31 Jul A Tale of Two Margarets
Modern myth-makers have propounded a view in films and books showing Catholic women ‘oppressed’ by their religion – relegated to the status of inferiors, incapable of valour or great deeds. As the stories of these two great Englishwoman demonstrate, real history tells a very different story.
My Lady Margaret, A King’s Niece
She lived at the summit of English society. In 1473, Margaret Plantagenet was born at Farley Castle, near Bath. Margaret’s family was the famous Plantagenet royal dynasty, which had ruled England since the late 12th century. Indeed, she was the niece of two kings — King Edward IV and King Richard III of England. Her father, Prince George, was brother to two kings. Her mother, Isobel, was the daughter of Richard Neville, the Earl of Warwick, the most powerful man in England after The King, known as “Warwick the Kingmaker”.

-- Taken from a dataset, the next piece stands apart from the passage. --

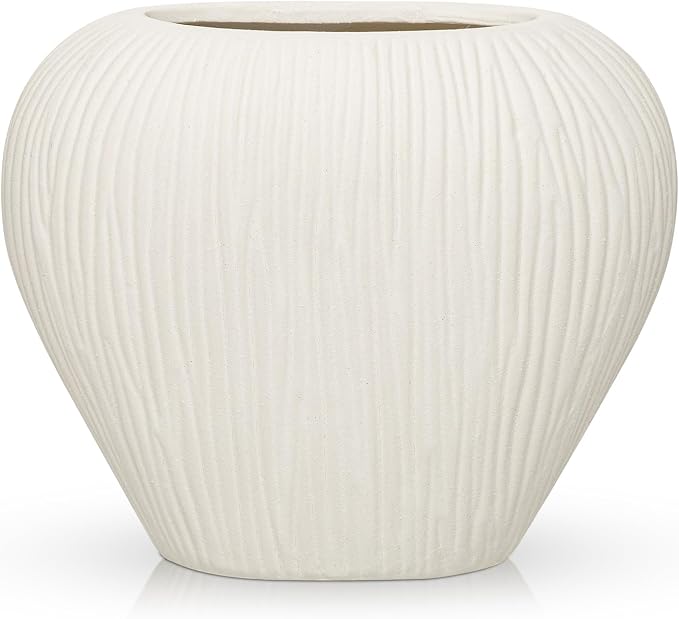 Slim Flat Ceramic Vase for Home Decor, 7" Ribbed Modern Flower Vase, Space-Saving Narrow Decorative Vase for Pampas Grass Artificial Flowers, Farmhouse Boho Table Centerpiece, White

Power and connections, however, have their price – especially if you happen to be born, as Margaret was, in the midst of the tumultuous and bloody Wars of The Roses. Anyone familiar with Shakespeare’s history plays will know the cast of characters from this period of English history. Rival factions of the Plantagenet Dynasty, the Houses of Lancaster and York, were vying for the Crown. In 1476, when Margaret was three years old, her mother, Isobel, died. Two years later, her father, George, Duke of Clarence, was imprisoned in The Tower of London after he led a revolt against his brother, King Edward IV. He was later tried and executed — in Shakespeare’s Richard III, he is drowned in a butt of Malmsey wine.
Now an orphan, Margaret lived at Court with her cousins, the children of King Edward IV. When he died in 1483 and was succeeded by Margaret’s other uncle, Richard, both Margaret and her brother Edward continued to reside at court. A scant two years later, Richard III was defeated by Henry Tudor at the Battle of Bosworth. In 1487, Henry VII married Margaret’s cousin and the daughter of Edward IV, Elizabeth of York, a move uniting the rival factions of The Wars of The Roses. The child of this union would be the future King Henry VIII.
A frail and ill old lady, Margaret was dragged from her cell, still protesting her innocence, and refusing to put her head on the block willingly.
When Margaret was eighteen, Henry VII gave her in marriage to his cousin and supporter, Sir Richard Pole. The marriage was a happy and fruitful one, as Margaret soon gave birth to five children. The background to her happiness was deeply overshadowed, however, when Margaret’s brother Edward, was imprisoned in the Tower of London simply because he was a claimant to the throne. In a foreshadowing of the cruelty of the Tudors, Edward was later executed, alleged to have been involved in a plot against Henry.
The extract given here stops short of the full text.